Answer:
On an air hockey table, when the table is on, pucks glide freely when hit. When the table is off, pucks do not travel as far when hit. Explain in as much detail as you can why this occurs and what allows this to occur, using Newton’s 1st Law.
Newton's 1st Law, also known as the law of inertia, states that an object at rest will remain at rest, and an object in motion will remain in motion with a constant velocity unless acted upon by an unbalanced force.
In the case of an air hockey table, the air flow created by the table's motor serves as the unbalanced force that affects the movement of the puck. When the table is on, the motor creates a cushion of air that flows across the surface of the table, allowing the puck to glide freely with little resistance.
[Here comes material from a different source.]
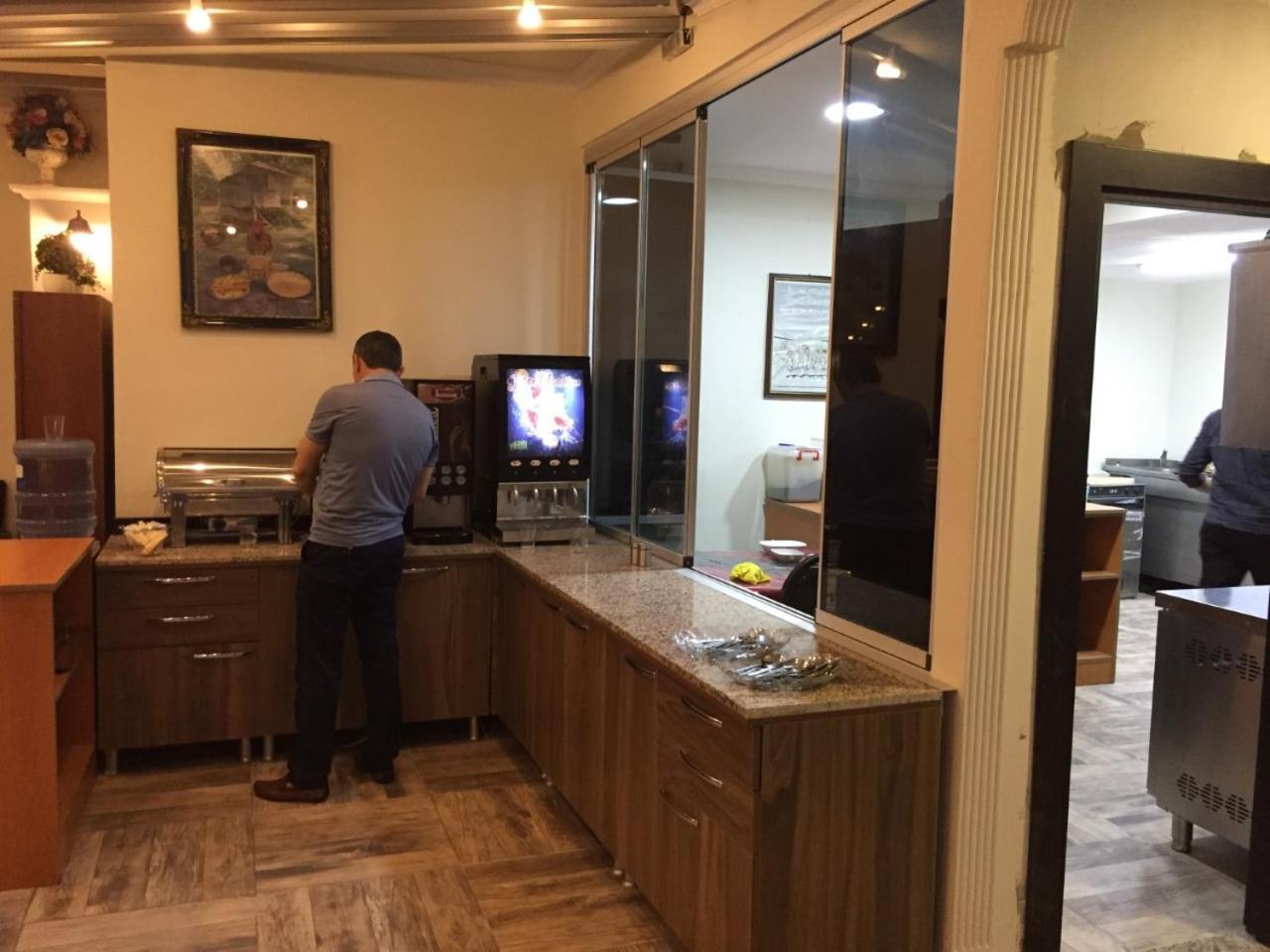 Hotel Marina City Истанбул Екстериор снимка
This air flow reduces the friction between the puck and the table, allowing the puck to travel farther when hit.
However, when the table is turned off, there is no longer a cushion of air to reduce friction between the puck and the table. This increased friction slows down the puck more quickly, causing it to travel a shorter distance when hit. The puck is also more likely to come to a complete stop when it reaches the edges of the table, as the lack of air flow makes it more difficult for the puck to bounce off the table's walls.
In summary, the air flow created by the motor on an air hockey table serves as an unbalanced force that reduces friction and allows the puck to travel farther. Without this air flow, the increased friction between the puck and the table causes the puck to slow down more quickly, resulting in shorter travel distances and a higher likelihood of coming to a complete stop.